Regulatory Affairs Bulletin

Protection. Promotion. Education
                                                                                                  April 2008

Dear Eliot,

There are many issues that are, or should be, keeping direct marketers awake at night and this update will focus on four – many others are being addressed in depth by ADMA’s Councils.


Apart from the slight deterioration of general economic conditions, the potential changes to Australia’s privacy laws; Australia Post’s price increases; and the continuing fragmentation of the nation’s Fair Trading laws – particularly in the areas of face-to-face promotions, door-to-door sales, competitions and telephone marketing; and fax marketing – are the issues.

 

Privacy    Australia Post's Price Increases    Fair Trading Law Changes  Fax Marketing

 

Privacy 

 

The Australian Law Reform Commission (ALRC) has indicated that the changes to the Privacy Act 1988 that it is likely to recommend to the Federal Government will include:

 

  • abandoning National Privacy Principle (NPP 2) and replacing it with a specific Direct Marketing Unified Privacy Principle (UPP 6) that fails to recognise the difference in relationships between organisations and their current customers versus prospects;
  • broadening the working definition of direct marketing to include virtually all direct communication;
  • broadening the definition of ‘personal information’ to include information that might ‘reasonably identify’ an individual from information that an organisation ‘has the capacity to access or is likely to access’;
  • making it mandatory for companies to tell current and prospective customers that they can provide fictitious names and details when dealing with them;
  • making it mandatory for organisations and companies to offer an opt-out from further marketing communications with every contact and through every channel;
  • making it mandatory for organisations to notify individual consumers, whether they have been contacted by the organisation or not, about all the information that the company has acquired about them, as soon as it has acquired it;  
  • introducing sweeping new data breach notification provisions requiring organisations to notify the Privacy Commissioner and affected individuals when personal information is ‘believed to have been’ acquired by an unauthorised person;
  • granting wide ranging new powers to the Privacy Commissioner including the ability to conduct privacy audits of companies, the power to demand ‘privacy impact statements’ from companies before any significant changes to their business, the ability to impose far greater fines, and the ability to create and impose ‘privacy codes’ on individual organisations;
  • making it mandatory for direct marketers to assess the age and intellectual capacity of consumers to give consent to receive direct marketing taking into account a consumer’s ‘maturity, injury, disease, illness, cognitive impairment, physical impairment, mental disorder’ or ‘any disability or other circumstance’;
  • making it mandatory for ‘authorised’ third parties to give or revoke consent on behalf of a consumer and for direct marketers to be responsible for validating that authority; and
  • introducing a ‘statutory cause of action for an invasion of privacy’, which would allow consumers to take any organisation to court for any perceived intrusive behaviour with no definition of privacy at all.

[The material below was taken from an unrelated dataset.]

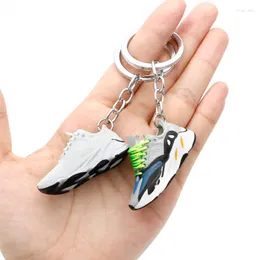 Keychains 3D 키 체인 운동화 신발 모델 백팩 남자 친구 생일 파티 선물 고품질 키 링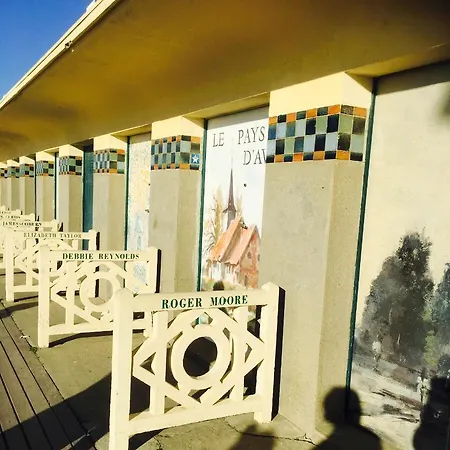 Tres Jolie Bianca, Maison Avec Jardin Prive A Deauville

ADMA has had a number of very constructive meetings with the ALRC to oppose these recommendations and the Commission has agreed to reconsider a number of them, however, privacy advocates have also been extremely vocal in lobbying the ALRC for much tougher laws and the outcome of these opposing points of view will only be revealed when the final report is made public by the Federal Government and at the moment, the Government is giving no indication of its views. 

 

Even at a recent industry breakfast hosted by the Privacy Commissioner, Karen Curtis, the new Special Minister for State, Senator John Faulkner, would not be drawn on what the Government’s response to the report might be.

 

However, Karen Curtis herself preempted the recommendation for mandatory data breach notifications by releasing draft guidelines for the rapid introduction of a voluntary notification scheme.

 

The Commissioner says: “Over the past few years, incidents in Australia and overseas have illustrated the importance of adequate information security and the consequences that breaches can have. These consequences can include both adverse outcomes for individual privacy, and for the reputation and activities of agencies and organisations that were responsible for the information.

 

The serious nature of information security and the issue of what is the appropriate response to an information security breach have been highlighted by several major high-profile data breaches occurring in the United Kingdom and the United States which have collectively resulted in the loss of millions of people’s personal information.

 

Such events are of particular concern with an increasing incidence of identity theft and identity fraud around the world, a concern reflected in the Australian community.  For example, the Office’s Community Attitudes to Privacy 2007 research found that 60% of individuals are concerned about becoming a victim of identity fraud or theft, with 9% indicating they had been a victim themselves and 17% personally knowing someone who has been a victim.

 

Countries have introduced a range of measures in an attempt to address these issues.  Following the introduction of breach notification laws in California in 2002, a further 40 states in the United States have introduced such laws.  The Commission of the European Communities also proposed the introduction of security breach notification provisions for network operators and internet service providers in its 2006 Review of the EU Regulatory Framework for electronic communications networks and services.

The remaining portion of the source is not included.